The art dealer’s ordeal began at midnight, when the stranger slipped into his car. Even with Johnsen and Hill out of the car and in the hotel, the newcomer stayed in the back seat, his eyes fixed on Ulving at the wheel. In the dark, with his cap pulled low over his eyes and his scarf pulled high over his chin, he was a large and looming shape. Afraid to speak or to turn around, Ulving sat cowering and waiting for instructions. His unwelcome guest never gave his name. The art dealer thought of him simply as “the man with the cap.”
Finally the stranger broke the silence. “Drive,” he said, directing Ulving through the near-empty streets of a wintry Oslo night. “Right.” “Left.” “Through the tunnel.”
Ulving obeyed. The route led out of the city, but Ulving had no idea of their destination. Soon they were on a quiet road. The houses were dark, the street deserted. No streetlights, no traffic, no pedestrians. “Stop!”
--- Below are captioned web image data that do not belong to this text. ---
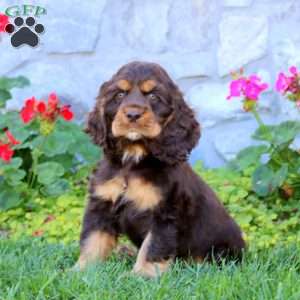 Poppy, Cocker Spaniel Puppy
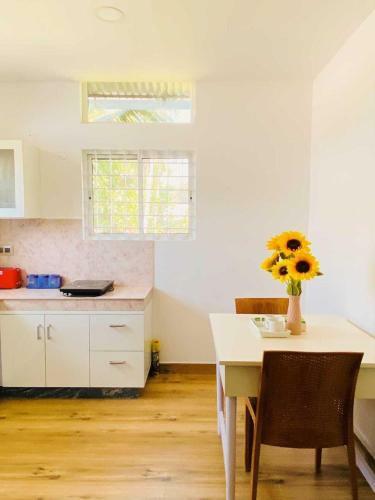 Zen Kochi Boutique Home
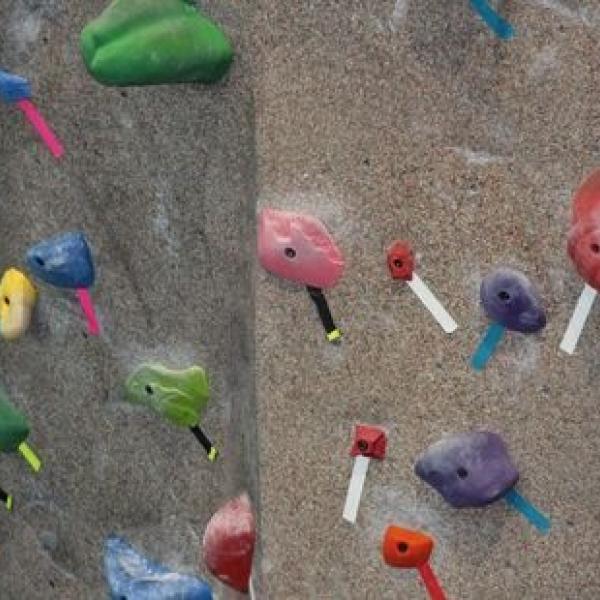 Colorful climbing holds on a climbing wall
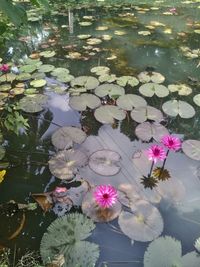 High angle view of lotus water lily in pond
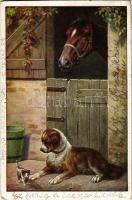 1933 Kutya lóval és macskával. M. M. Nr. 1165., 1933 Dog with horse and cat. M. M. Nr. 1165.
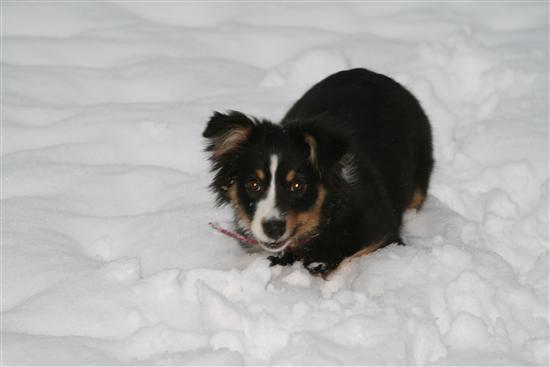 snowa5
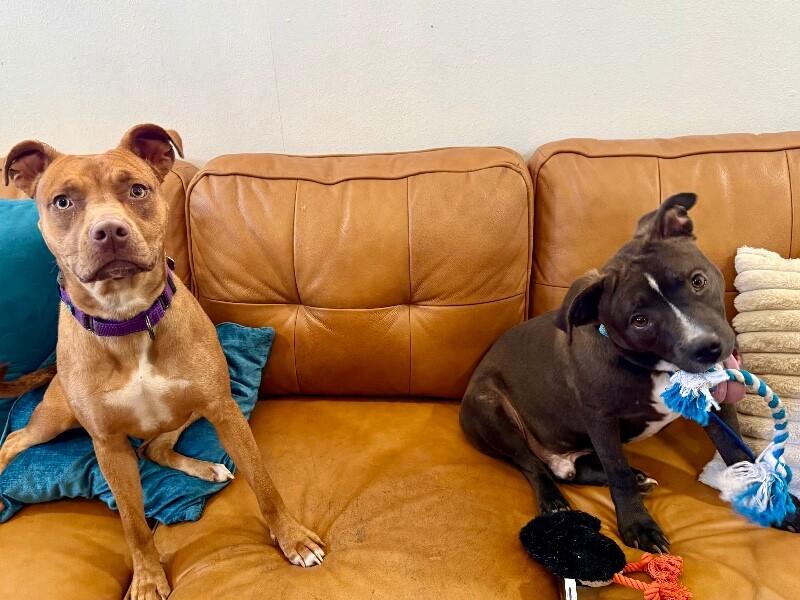 Preston Bunny Certified Squish Boy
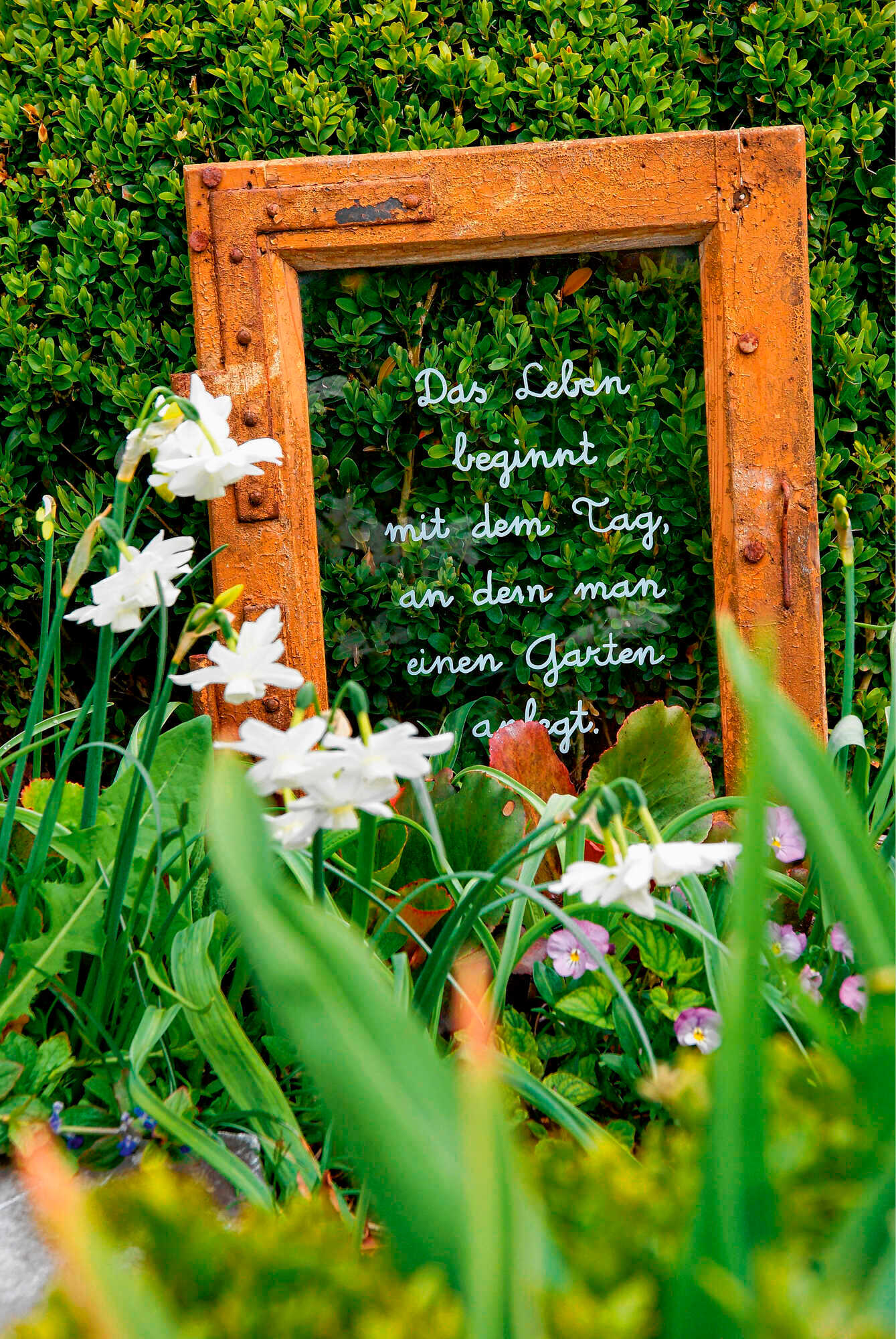 Poesie und flotte Sprüche BLW 62022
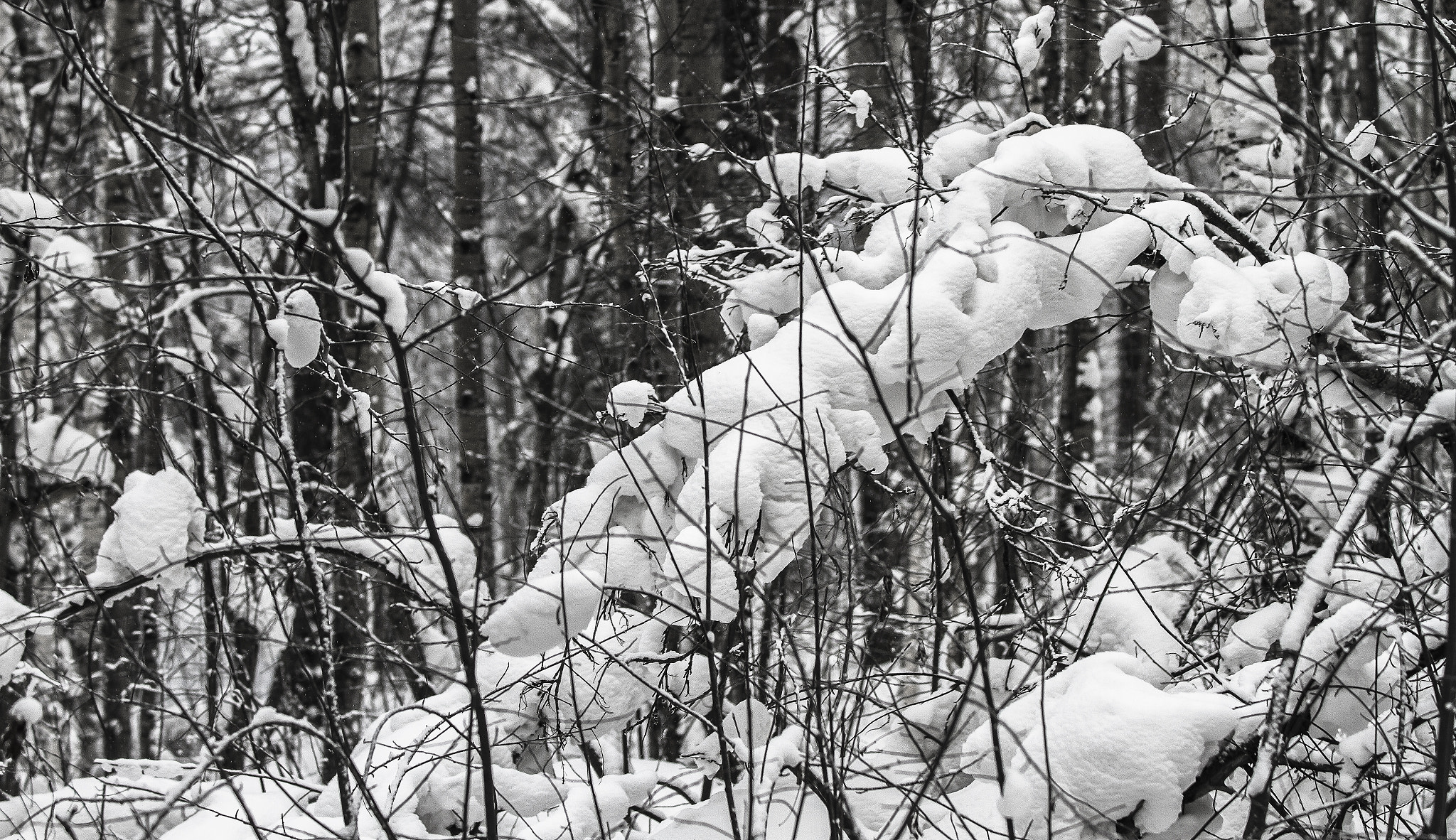 Canon EOS 7D + Canon EF 80-200mm f/2.8L sample photo. Winter forest in b&amp;w photography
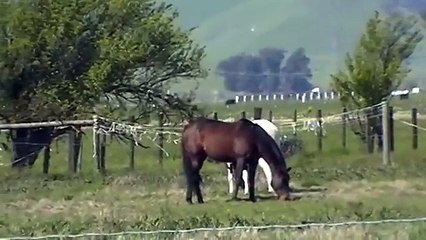 Discussing Hate Mail  and Advice from Horse Trainers - Lecture - Rick Gore Horsemanship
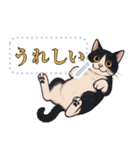 ハチワレ猫の暮らし《メッセージスタンプ》（個別スタンプ：12）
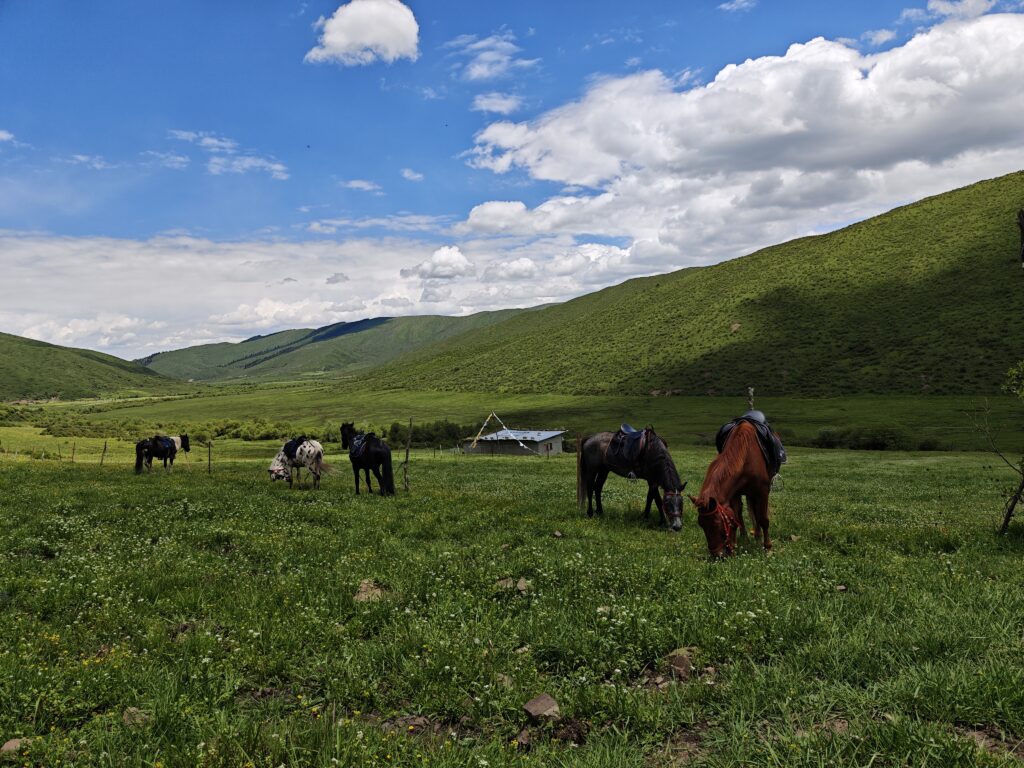 Grazende paarden in de heuvels tijdens een expeditie in China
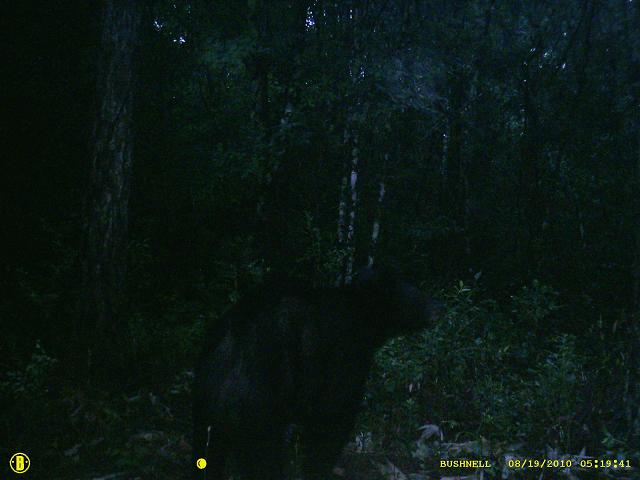 trail cam 232.JPG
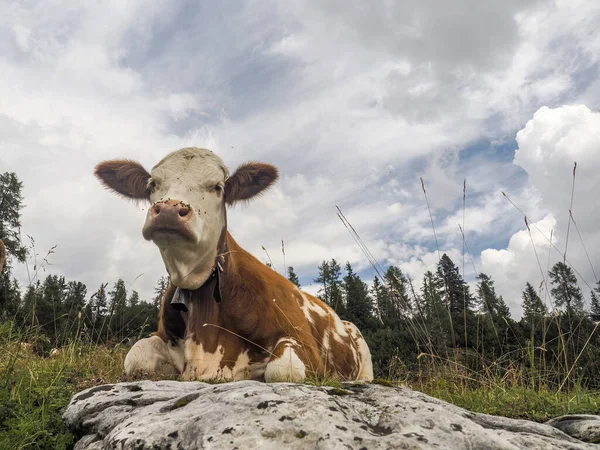 Nek Portresi Dolomite Dağlarında Sana Yakından Bakıyor — Stok fotoğraf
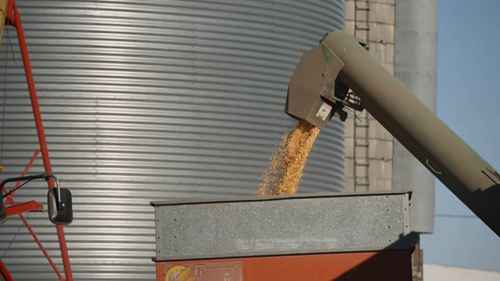 玉蜀黍的储存建议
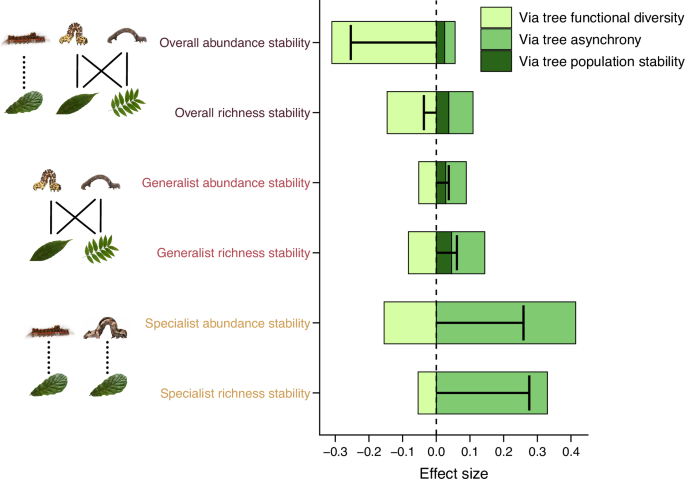 Fig. 4: Effects of tree species richness on herbivore richness stability from path models.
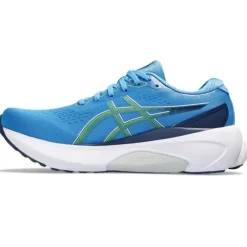 Asics Gel-Kayano 30
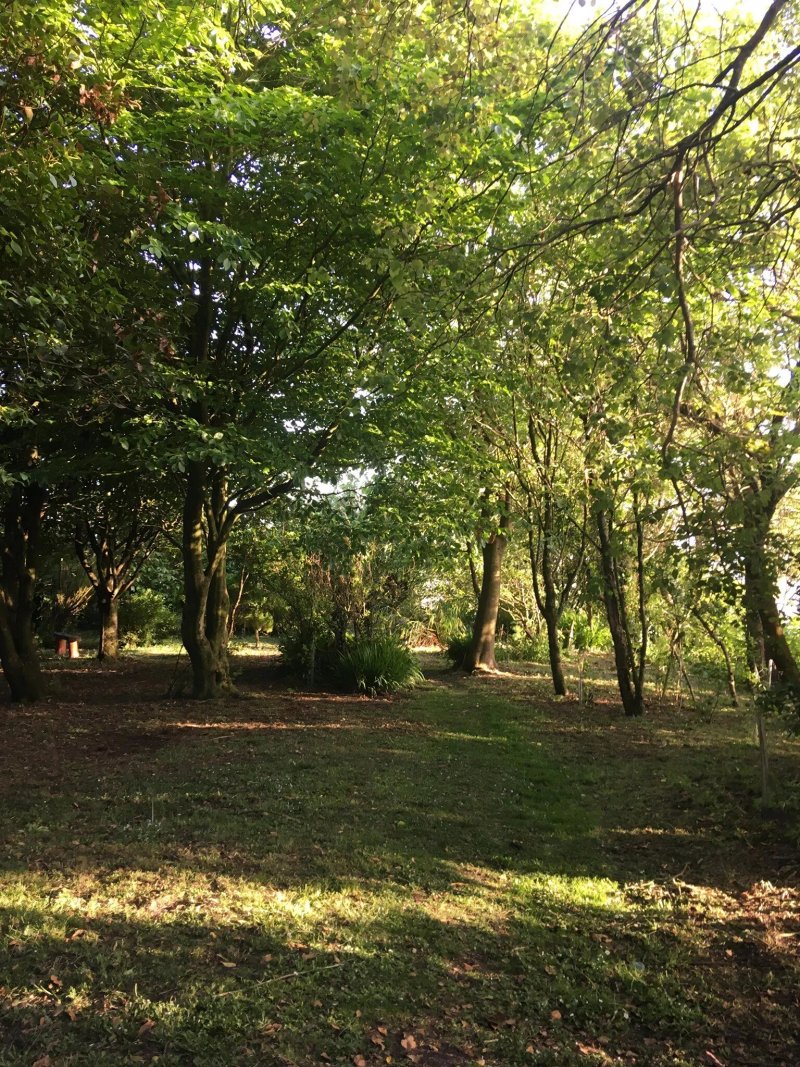 Memorial Garden Llansaint
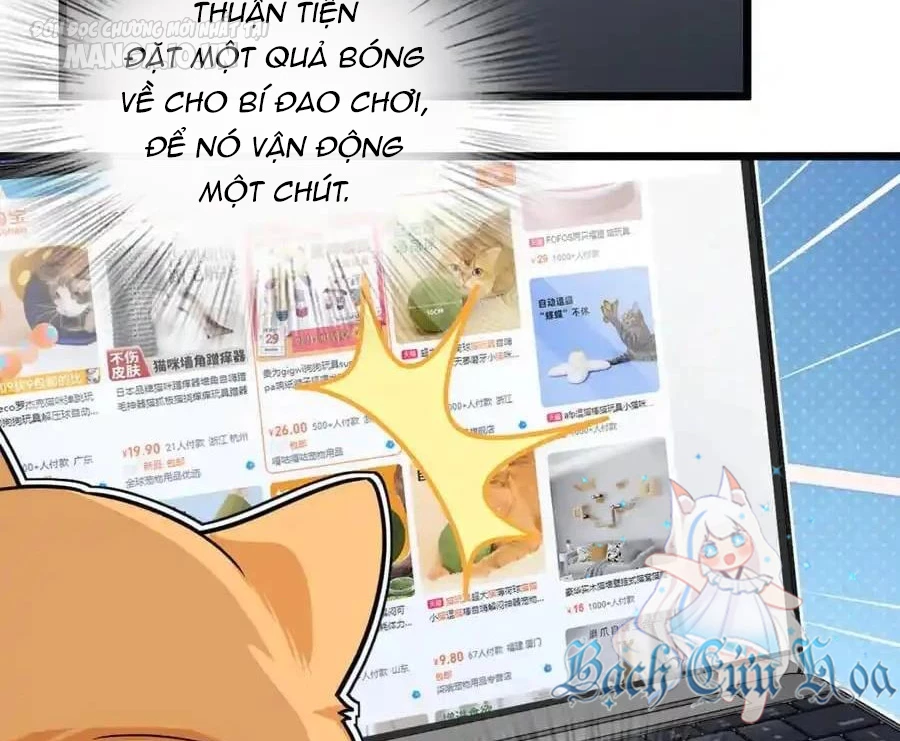 Bà Xã Nhà Tôi Đến Từ Ngàn Năm Trước Chapter 284 - Trang 4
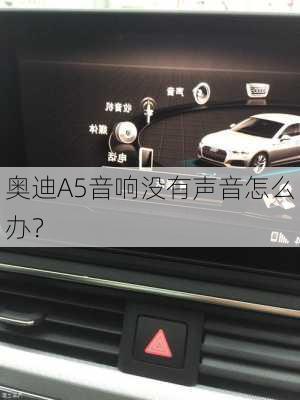 奥迪A5音响没有声音怎么办？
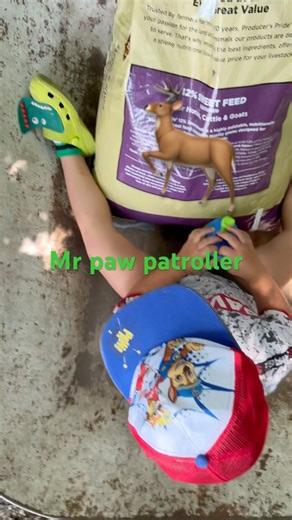 Finding our 2025 Indiana target deer with sweet feed!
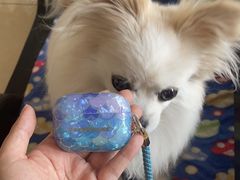 -星巴克(天津佛罗伦萨小镇店)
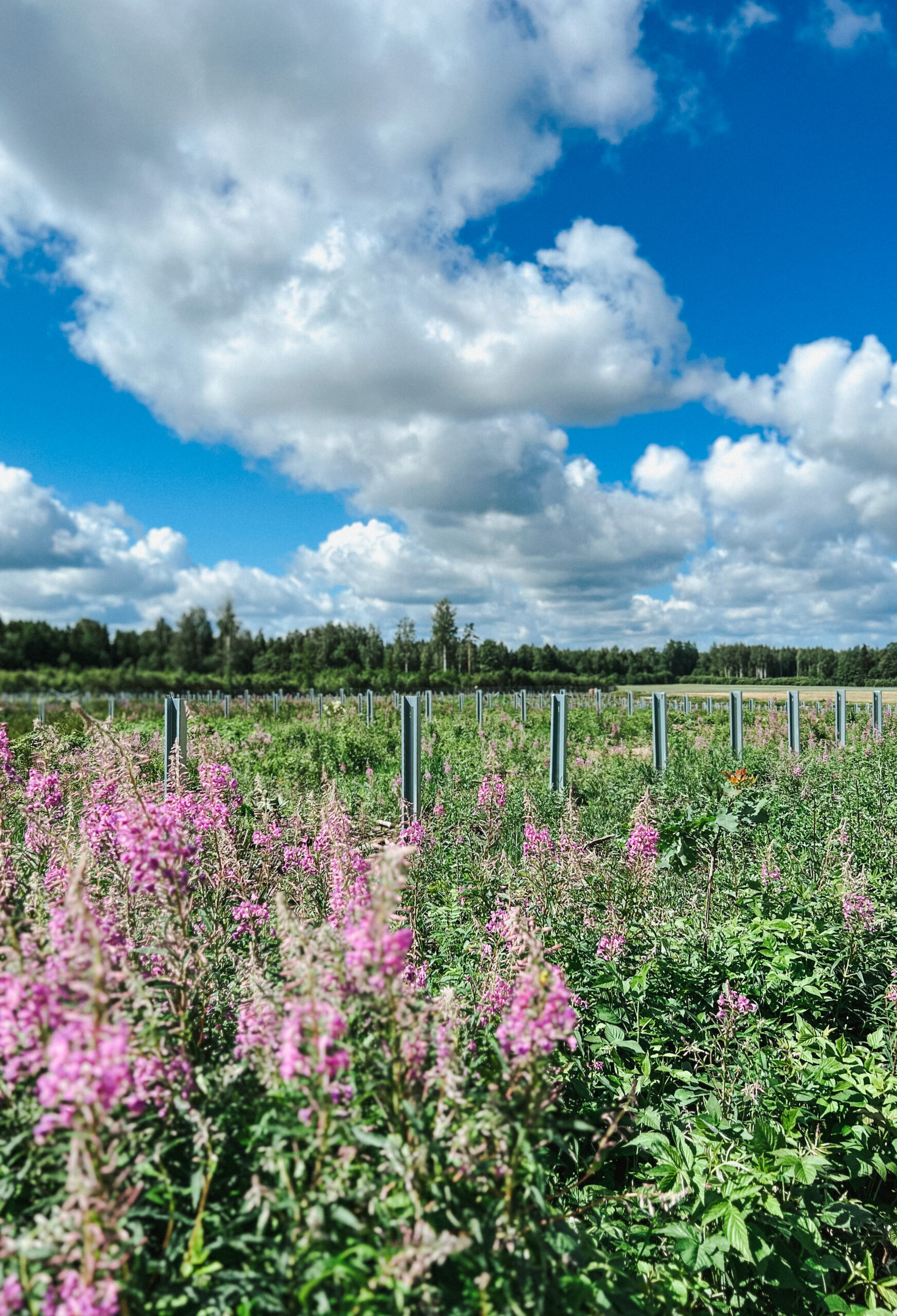 Kārsava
Ulving pulled over. “Wait here.” The stranger walked to a pay phone. A minute or two later, he returned and gestured to Ulving to roll down his window. “Drive south on the E-18,” he said, “and someone will phone you.”
Then he vanished into the gloom.
Ulving found his way to the motorway. He knew the E-18. He drove along, expecting his cell phone to ring at any moment. It didn’t. For an hour and fifty minutes he sped along the motorway in silence. The E-18 south from Oslo, as it happened, led toward the town of TØnsberg, where Ulving lived. He decided to drive home.